Myth: Probate costs and attorney fees are usually as high as 10% of your estate.
Fact: Arizona court costs to open a probate are very modest. In addition, Arizona lawyers may charge only reasonable fees for necessary services, not percentage fees. Fees may increase in the event of tax issues, disputed creditor claims, or other litigation, but these same issues can arise with a trust.
Myth: In probate, assets are not distributed for several years.

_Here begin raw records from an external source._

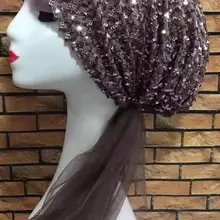 5 ярдов африканская кружевная ткань Высокое качество черные блестки квадратный узор кружевная ткань, кофе свадебный платок кружевная ткань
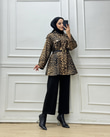 0282-Leopar Ceket-Kahverengi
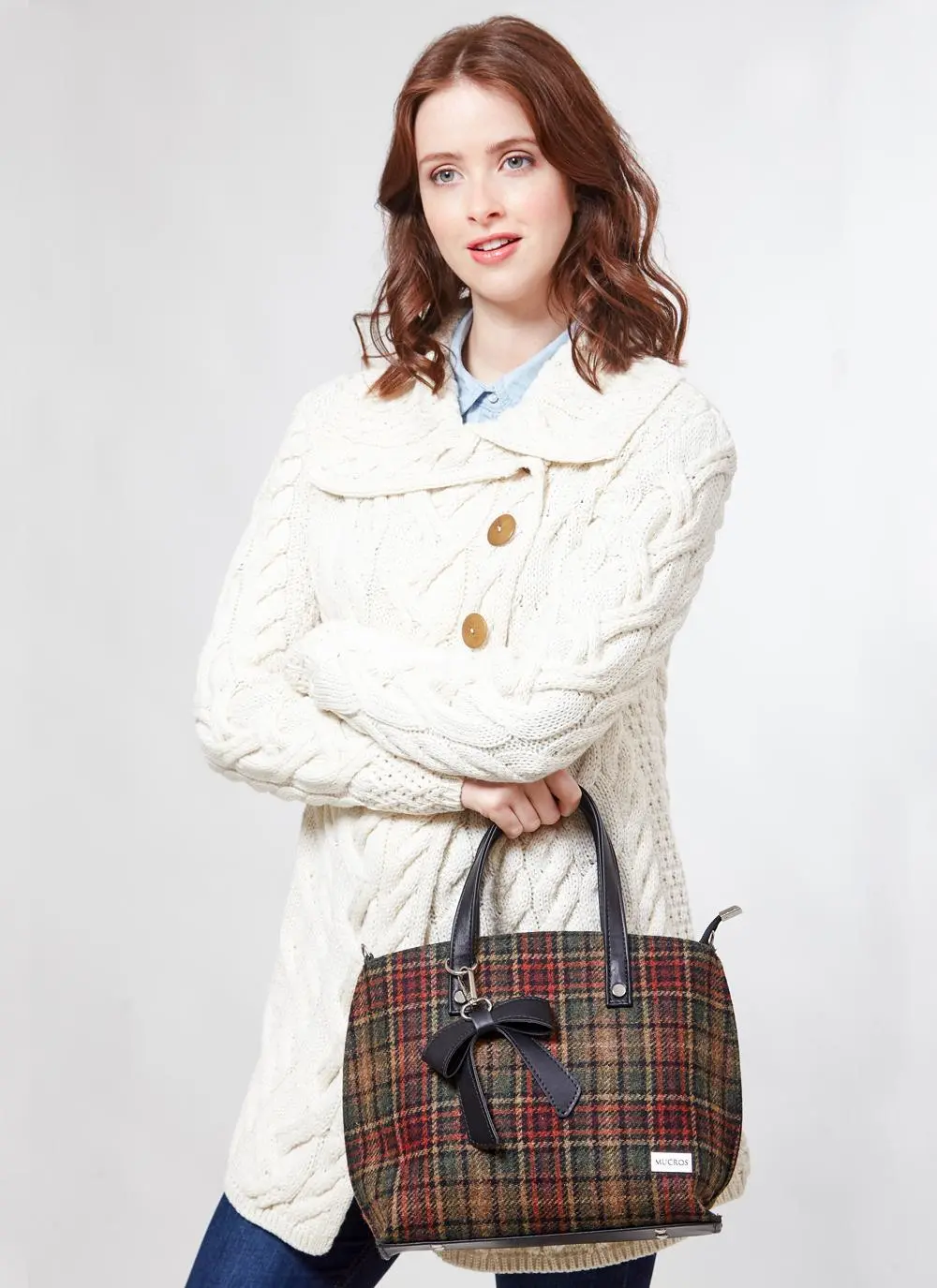 Mucros Niamh Tweed Handbag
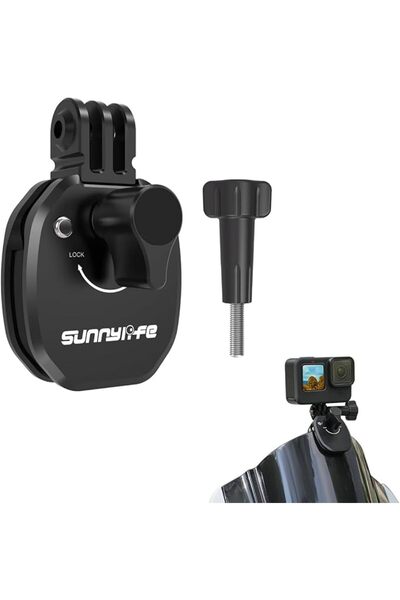 ELEPHANTBOAT Motorcycle Windshield Clip Mount for Insta360 X5 X4 Ace Pro 2, A...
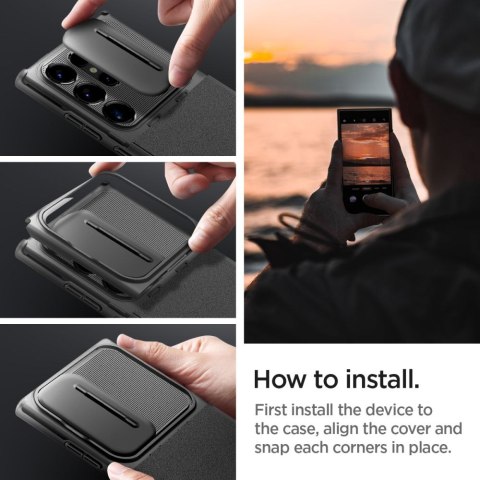 SPIGEN OPTIK ARMOR GALAXY S24 ULTRA BLACK Spigen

Fact: An informal probate procedure can start as early as five days after death, and distribution can occur as soon as it is clear there are sufficient assets to pay expenses, creditors and taxes. Creditors have up to four months to submit claims and the personal representative may, but need not, delay distribution until the end of the creditors’ claim period. A trustee may also have to delay distribution to pay taxes or divide property. An improperly prepared trust may require money and time to correct before distribution can be carried out.
Myth: Probate forces the liquidation of your assets.
Fact: Liquidating assets is necessary only to pay expenses, creditors, taxes, or to make distributions to beneficiaries. Assets may be transferred in kind.
Myth: Probate litigation is more expensive than trust litigation.
Fact: Unhappy family members or beneficiaries can challenge both wills and trusts. A trust is not a guarantee against litigation. Expenses will depend on the nature of the litigation. Call me if you foresee future litigation concerning your estate.
Myth: A trust will avoid federal estate taxes.
Fact: A will or trust that provides for a “credit shelter trust” arrangement can reduce estate taxes for married couples who have combined assets over the federal estate tax exemption ($10,860,000). A trust in and of itself does not reduce estate taxes at an individual’s death, nor does a will.
Myth: Probate proceedings are complex and require special court approval.
Fact: In Arizona, most estates use informal probate procedures that do not require formal court approval. In most cases, personal appearance in court is not required.